Then the spell was gone and she relaxed against a brace holding one hand under her left breast and breathing heavily. "What on earth—?"

"Lamp fell out of its moorings," said Farradyne. "My fault. That's one of the pre-flight check-ups that I didn't have time to make this morning. Stay where you are and I'll clean up this mess."

"Do you mind if I sit down? I haven't been that startled in years. I thought the ship had exploded."

"Park yourself in the pilot's seat," he said. "But be careful. Broken fluorescent tubing is doubly dangerous. The gook they put on the inside is as poisonous as hell and the glass is as sharp as a razor."

She nodded and picked her way through the glass. She looked up at him and said, "You don't seem to have been startled at all."

"I had a few millionths of a second to get my nerves in readiness," he said. "I saw it come down. You took a beating."

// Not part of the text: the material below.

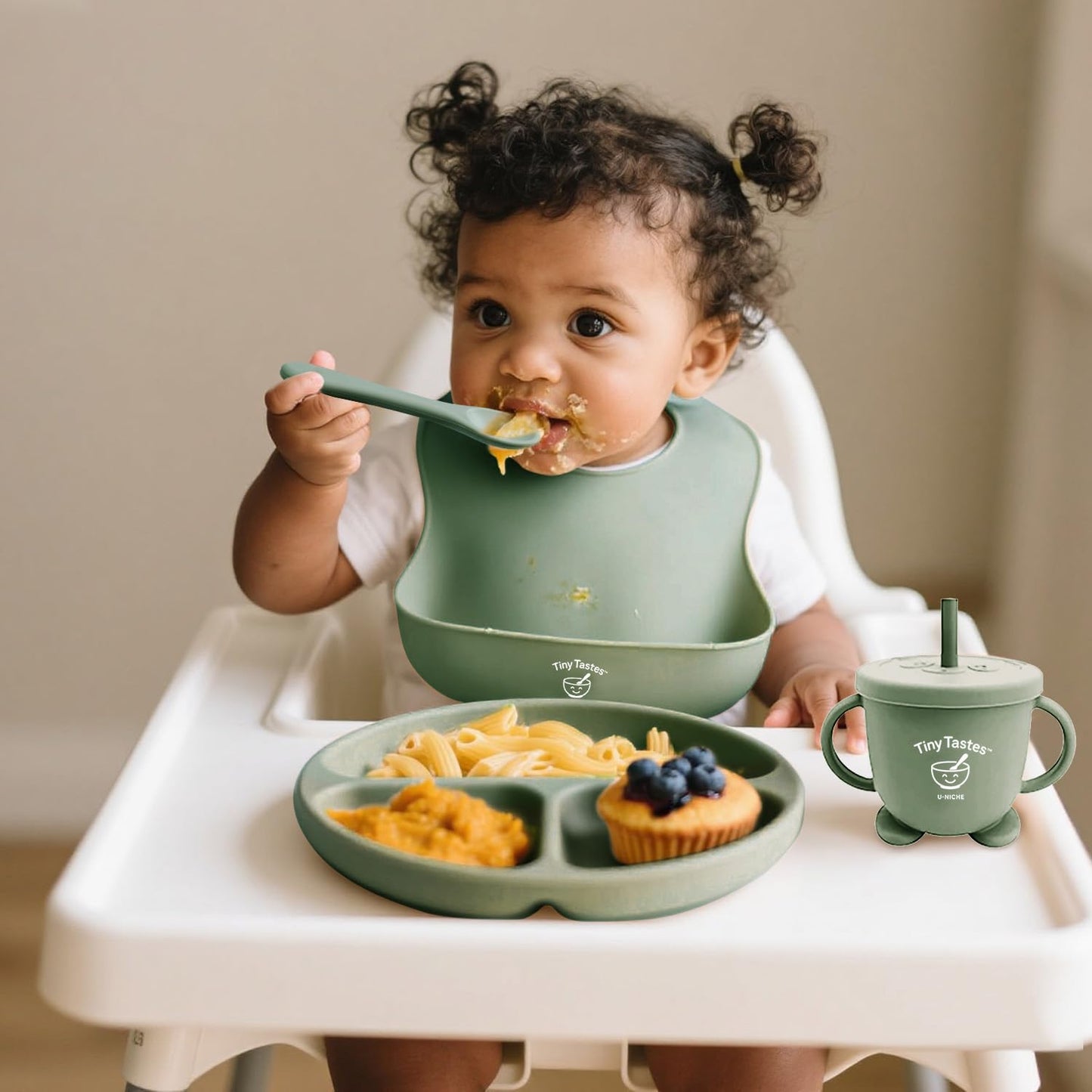Tiny Tastes 10-Piece Silicone Baby Feeding Set – BPA-Free, Spill-Proof Suction Plate, Bowl, Bib, Snack Cup & Utensils | Dishwasher Safe, Baby Gift Ready (Green)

"I guess I did," she admitted weakly.

Farradyne laughed; it was a forced laugh but he hoped it was convincing. "Someone told me once that when a person is excited he always reverts to his native tongue." Her eyes widened and her mouth started to open, but Farradyne went on as though he hadn't been watching avidly for some sign. "But I didn't think your native tongue was Upper Irish Banshee."

Her eyes half-closed and her mouth snapped back from slack wonder to toned self-control. "What did I say?" she asked with a half-humorous smile, which Farradyne knew to be false.

"It sounded like, 'I am slain to pieces' but I don't know Upper Irish Banshee very well."